As Allendale put it, ahead of Chicago markets opening: "There are some that do not believe the funds had anything to do with the run higher in grains. They felt that it had everything to do with the delayed planting.
"Today gave us a day where if you believe the funds more than the market, or weather, or both it didn't matter because they all pointed lower."
But that wasn't how they finished. While so much was stacked against crops, grains ended the session on a flyer, leaving many marketwatchers scratching their heads.
It looks like fund buying was the critical factor, perhaps fostered by a beginning-of-the-month shopping spree.
"Funds were big, aggressive late buyers in most pits late in the session," Vic Lespinasse, at GrainAnalyst.com, said.
"This was an impressive display of the funds influence on the market."
However, some other factors may have played some part.
For soybeans, at least, upbeat weekly US export data did their bit, coming in at 63.7m bushels, well ahead of market forecasts.
And another broker, Iowa-based US Commodities, cited the potential for a poor quality corn crop, even if yields came in high, which could have a selective impact on prices.
"Quality appears to be the issue," the broker said. It was "now a concern" how many bushels of third grade corn, fit for animal rather than human consumption, would hit the market.
"Test weights and moisture are a concern for corn. This will mark the 2009 corn harvest."
Corn for December ended 4.5% higher at $3.82 ¼ a bushel, with wheat for the same month soaring 4.6% to $5.16 ¾ a bushel.
Soybeans, which have been less volatile than the grains in recent weeks, added 2.0% to $9.97 ½ a bushel for November.
The gains, coupled with weaker European currencies, and while stacked towards the end of the day, started in time to help London and Paris wheat make headway too.
Paris wheat for November added E0.75 to E127.50 a tonne, with London wheat for the same month settling up £2.00 at £104.00 a tonne.

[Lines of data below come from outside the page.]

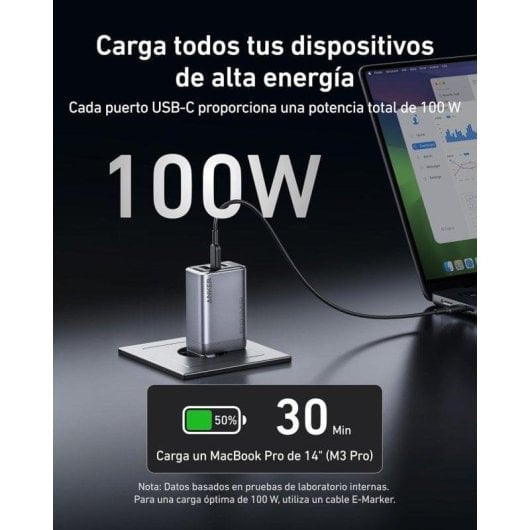 Chargeur Anker Prime GaN 100W 3 Ports USB-C/USB Gris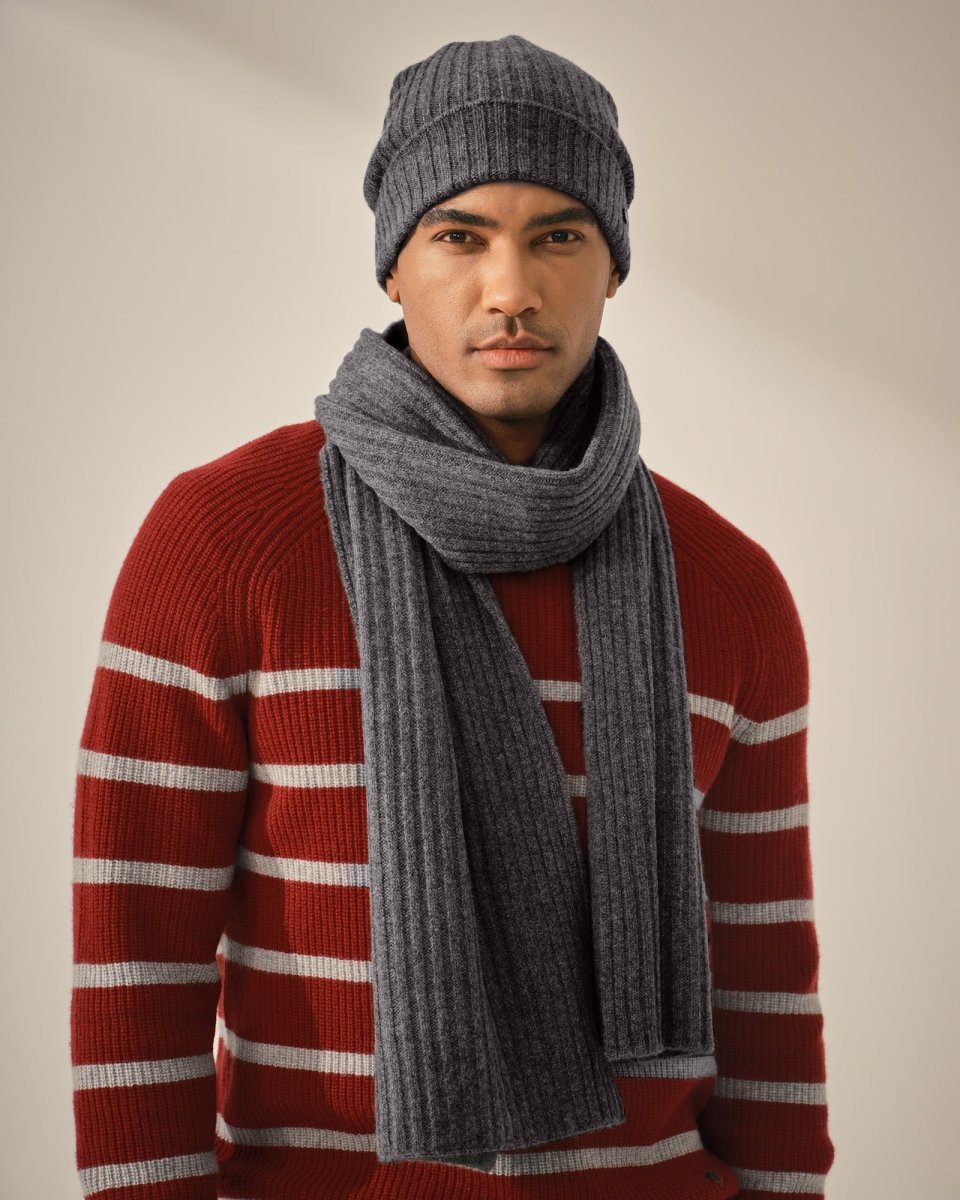 Men's Ribbed 100% Cashmere Beanie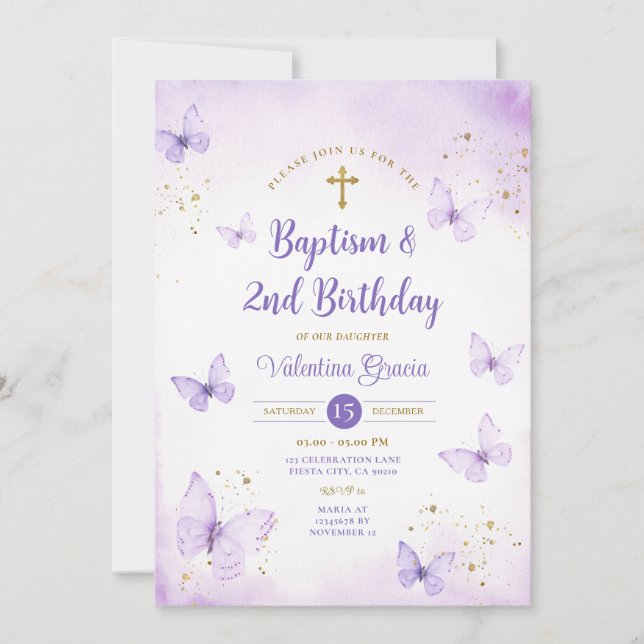 Invitación Chica de mariposa morada Cruz de Bautismo de Segun (Anverso)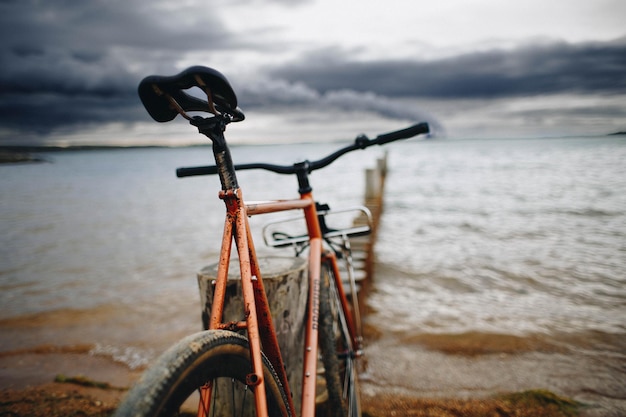 Close-up de uma bicicleta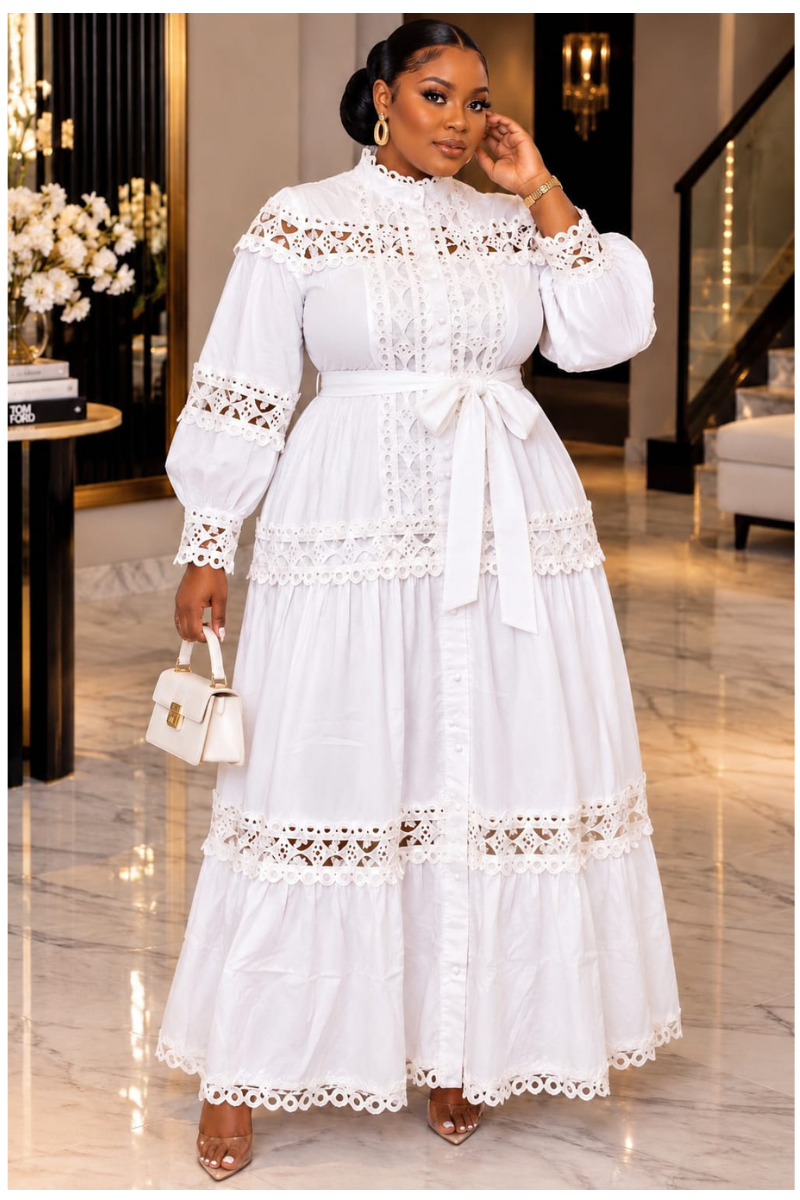 Lilly White Lace Luxe Maxi Dress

"Today on the back of a falling dollar markets have risen slightly as buyers slowly return," Hugh Schryver, at grain giant Glencore, said.
Nonetheless, London volumes remained tiny, with 16 November lots traded, albeit an improvement on Friday's zero, and November 2010 proving the best traded contract, with a volume of 90 lots.
Softs were also stronger, even as the dollar revived with, strangely enough, fund buying credited for the rises.
Raw sugar for March added 2.4% to 23.35 cents a pound in New York, with London refined sugar adding 1.8% to $590.70 a tonne.
Coffee did even better, soaring 5.1% to 141.95 cents a pound for New York arabica beans, December delivery.
Robusta beans ended 3% higher at $1,431 in London, amid reports of strong winds and heavy rains disrupting the early harvest in Vietnam.